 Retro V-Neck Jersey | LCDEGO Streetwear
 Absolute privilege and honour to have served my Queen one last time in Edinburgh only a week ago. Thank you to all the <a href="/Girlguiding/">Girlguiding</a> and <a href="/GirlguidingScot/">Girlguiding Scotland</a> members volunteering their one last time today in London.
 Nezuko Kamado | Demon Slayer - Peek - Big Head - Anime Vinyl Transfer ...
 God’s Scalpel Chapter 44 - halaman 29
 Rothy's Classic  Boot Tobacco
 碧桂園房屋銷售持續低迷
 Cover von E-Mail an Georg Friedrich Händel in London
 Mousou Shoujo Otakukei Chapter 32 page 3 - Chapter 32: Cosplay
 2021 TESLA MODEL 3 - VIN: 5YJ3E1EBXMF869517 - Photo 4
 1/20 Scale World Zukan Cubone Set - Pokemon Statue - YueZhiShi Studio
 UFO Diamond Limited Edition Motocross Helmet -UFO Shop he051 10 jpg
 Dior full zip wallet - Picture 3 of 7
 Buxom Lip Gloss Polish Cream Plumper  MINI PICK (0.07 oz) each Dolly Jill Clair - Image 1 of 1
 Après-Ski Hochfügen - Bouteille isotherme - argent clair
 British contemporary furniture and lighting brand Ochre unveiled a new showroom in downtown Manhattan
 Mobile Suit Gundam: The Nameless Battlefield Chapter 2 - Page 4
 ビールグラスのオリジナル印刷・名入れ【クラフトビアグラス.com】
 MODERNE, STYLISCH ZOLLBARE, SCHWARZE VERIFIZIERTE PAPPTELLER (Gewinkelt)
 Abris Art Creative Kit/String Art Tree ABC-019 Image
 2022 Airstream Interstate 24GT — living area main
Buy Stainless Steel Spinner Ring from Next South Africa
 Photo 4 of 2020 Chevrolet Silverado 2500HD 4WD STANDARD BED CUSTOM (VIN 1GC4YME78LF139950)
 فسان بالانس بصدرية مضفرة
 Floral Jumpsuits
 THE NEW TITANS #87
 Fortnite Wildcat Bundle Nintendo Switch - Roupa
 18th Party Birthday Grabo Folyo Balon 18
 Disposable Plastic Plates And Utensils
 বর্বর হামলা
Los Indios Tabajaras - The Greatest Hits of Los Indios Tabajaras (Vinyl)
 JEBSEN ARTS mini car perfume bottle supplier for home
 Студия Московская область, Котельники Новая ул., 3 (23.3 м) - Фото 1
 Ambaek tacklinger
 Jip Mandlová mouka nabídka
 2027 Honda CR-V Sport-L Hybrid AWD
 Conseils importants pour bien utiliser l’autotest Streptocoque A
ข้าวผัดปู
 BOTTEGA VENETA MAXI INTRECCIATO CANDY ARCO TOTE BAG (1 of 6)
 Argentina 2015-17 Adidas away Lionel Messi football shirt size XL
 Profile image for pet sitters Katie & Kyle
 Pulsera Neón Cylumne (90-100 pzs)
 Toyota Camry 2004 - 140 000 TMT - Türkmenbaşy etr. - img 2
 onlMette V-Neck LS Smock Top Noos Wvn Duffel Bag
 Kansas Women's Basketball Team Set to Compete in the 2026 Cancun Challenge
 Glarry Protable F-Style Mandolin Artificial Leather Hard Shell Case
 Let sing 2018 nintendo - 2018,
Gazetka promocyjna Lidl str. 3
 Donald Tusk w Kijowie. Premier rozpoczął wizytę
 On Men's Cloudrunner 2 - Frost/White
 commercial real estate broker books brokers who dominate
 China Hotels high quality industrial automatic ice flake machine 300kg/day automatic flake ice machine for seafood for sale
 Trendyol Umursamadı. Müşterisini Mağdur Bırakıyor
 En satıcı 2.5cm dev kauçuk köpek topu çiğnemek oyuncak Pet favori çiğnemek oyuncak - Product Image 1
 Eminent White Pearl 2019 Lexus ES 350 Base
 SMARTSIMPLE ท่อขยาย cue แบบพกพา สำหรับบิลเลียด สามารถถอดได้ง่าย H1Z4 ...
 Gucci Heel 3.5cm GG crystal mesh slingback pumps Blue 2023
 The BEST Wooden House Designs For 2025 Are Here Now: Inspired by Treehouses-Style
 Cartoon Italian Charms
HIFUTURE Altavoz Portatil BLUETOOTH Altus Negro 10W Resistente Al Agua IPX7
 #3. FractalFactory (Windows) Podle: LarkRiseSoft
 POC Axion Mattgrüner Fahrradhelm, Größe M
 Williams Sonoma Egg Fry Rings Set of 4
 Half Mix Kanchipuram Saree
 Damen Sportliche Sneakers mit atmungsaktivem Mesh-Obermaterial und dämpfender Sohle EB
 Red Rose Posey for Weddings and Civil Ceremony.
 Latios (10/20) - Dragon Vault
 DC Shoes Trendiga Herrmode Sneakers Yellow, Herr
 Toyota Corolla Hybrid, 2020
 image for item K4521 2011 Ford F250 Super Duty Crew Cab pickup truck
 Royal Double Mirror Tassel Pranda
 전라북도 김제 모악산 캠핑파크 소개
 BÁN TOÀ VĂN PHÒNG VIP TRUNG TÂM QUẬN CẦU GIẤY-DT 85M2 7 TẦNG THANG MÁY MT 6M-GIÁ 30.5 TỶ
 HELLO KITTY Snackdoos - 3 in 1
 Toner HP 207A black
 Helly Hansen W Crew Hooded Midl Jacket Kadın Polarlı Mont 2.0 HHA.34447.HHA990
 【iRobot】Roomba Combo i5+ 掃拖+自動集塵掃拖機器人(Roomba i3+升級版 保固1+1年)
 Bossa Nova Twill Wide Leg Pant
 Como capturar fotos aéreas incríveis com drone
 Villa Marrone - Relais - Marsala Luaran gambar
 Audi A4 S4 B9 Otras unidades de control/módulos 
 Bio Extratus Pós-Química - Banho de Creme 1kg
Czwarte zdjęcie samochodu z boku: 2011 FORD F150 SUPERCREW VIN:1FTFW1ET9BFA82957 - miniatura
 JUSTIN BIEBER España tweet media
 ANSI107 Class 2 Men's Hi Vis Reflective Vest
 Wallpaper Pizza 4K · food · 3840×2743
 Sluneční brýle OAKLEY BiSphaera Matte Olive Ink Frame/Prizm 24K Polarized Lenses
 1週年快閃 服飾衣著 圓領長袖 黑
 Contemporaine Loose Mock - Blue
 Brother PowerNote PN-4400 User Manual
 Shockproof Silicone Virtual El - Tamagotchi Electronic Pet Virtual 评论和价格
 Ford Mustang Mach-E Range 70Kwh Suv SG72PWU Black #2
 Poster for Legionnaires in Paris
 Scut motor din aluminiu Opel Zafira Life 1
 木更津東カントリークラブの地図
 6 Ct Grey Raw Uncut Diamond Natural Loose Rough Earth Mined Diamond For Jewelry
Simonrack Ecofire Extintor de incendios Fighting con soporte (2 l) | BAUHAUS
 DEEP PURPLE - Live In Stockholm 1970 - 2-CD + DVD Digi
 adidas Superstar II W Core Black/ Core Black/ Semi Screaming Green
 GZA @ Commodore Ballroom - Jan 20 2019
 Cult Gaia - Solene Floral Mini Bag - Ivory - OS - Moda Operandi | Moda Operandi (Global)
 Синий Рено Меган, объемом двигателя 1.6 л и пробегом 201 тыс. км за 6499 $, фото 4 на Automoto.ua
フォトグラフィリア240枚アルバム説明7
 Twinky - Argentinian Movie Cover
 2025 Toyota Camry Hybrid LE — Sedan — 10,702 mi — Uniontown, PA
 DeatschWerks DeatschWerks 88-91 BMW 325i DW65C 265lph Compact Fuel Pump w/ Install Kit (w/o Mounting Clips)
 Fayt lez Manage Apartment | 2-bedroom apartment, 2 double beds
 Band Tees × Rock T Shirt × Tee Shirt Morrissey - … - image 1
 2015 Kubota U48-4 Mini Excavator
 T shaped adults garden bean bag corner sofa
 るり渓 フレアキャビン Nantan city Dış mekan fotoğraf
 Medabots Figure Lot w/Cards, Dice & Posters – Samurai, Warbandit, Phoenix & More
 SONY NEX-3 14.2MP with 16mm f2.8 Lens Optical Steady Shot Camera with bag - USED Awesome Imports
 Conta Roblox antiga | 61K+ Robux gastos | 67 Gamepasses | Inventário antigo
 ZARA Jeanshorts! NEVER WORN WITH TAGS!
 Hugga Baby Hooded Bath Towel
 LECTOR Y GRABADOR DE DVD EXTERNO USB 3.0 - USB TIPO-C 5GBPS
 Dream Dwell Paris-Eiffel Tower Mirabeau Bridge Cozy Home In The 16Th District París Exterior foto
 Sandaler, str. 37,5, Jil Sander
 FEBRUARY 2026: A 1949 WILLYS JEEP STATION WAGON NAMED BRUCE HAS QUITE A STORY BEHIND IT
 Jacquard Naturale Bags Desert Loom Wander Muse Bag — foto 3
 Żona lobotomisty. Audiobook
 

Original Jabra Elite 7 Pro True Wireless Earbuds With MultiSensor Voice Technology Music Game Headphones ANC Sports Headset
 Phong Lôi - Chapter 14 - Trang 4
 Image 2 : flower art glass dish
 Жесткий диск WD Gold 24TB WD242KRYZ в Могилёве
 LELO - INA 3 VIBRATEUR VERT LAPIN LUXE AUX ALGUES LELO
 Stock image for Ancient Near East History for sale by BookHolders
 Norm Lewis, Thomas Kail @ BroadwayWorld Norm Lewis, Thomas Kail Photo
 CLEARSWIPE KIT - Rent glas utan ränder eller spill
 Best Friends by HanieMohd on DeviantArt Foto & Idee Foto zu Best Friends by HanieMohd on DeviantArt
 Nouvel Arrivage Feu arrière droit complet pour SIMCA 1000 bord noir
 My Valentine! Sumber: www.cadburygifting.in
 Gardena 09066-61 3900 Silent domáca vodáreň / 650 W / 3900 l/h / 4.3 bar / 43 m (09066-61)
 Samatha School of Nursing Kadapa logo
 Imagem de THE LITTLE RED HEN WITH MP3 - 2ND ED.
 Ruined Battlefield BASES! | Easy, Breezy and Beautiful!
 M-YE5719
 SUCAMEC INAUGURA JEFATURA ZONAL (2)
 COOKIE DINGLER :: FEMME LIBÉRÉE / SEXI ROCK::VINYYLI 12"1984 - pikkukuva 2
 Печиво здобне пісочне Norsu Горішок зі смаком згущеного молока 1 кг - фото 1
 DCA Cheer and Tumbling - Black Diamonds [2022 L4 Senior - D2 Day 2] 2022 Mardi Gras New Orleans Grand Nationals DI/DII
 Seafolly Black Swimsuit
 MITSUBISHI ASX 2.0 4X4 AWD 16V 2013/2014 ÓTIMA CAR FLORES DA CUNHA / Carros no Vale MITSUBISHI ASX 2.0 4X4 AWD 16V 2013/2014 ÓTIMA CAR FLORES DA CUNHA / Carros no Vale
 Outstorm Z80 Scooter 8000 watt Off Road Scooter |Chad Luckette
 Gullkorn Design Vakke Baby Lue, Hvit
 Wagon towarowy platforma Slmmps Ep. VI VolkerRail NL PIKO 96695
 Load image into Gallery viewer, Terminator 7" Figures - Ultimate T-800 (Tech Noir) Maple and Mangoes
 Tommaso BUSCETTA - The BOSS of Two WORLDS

----

__Your objective__
From the data above, output exactly the lines between the one containing "BOTTEGA VENETA MAXI" and the one containing "Kansas Women's Basketball", counting both of them.

__Result for this exercise__
 BOTTEGA VENETA MAXI INTRECCIATO CANDY ARCO TOTE BAG (1 of 6)
 Argentina 2015-17 Adidas away Lionel Messi football shirt size XL
 Profile image for pet sitters Katie & Kyle
 Pulsera Neón Cylumne (90-100 pzs)
 Toyota Camry 2004 - 140 000 TMT - Türkmenbaşy etr. - img 2
 onlMette V-Neck LS Smock Top Noos Wvn Duffel Bag
 Kansas Women's Basketball Team Set to Compete in the 2026 Cancun Challenge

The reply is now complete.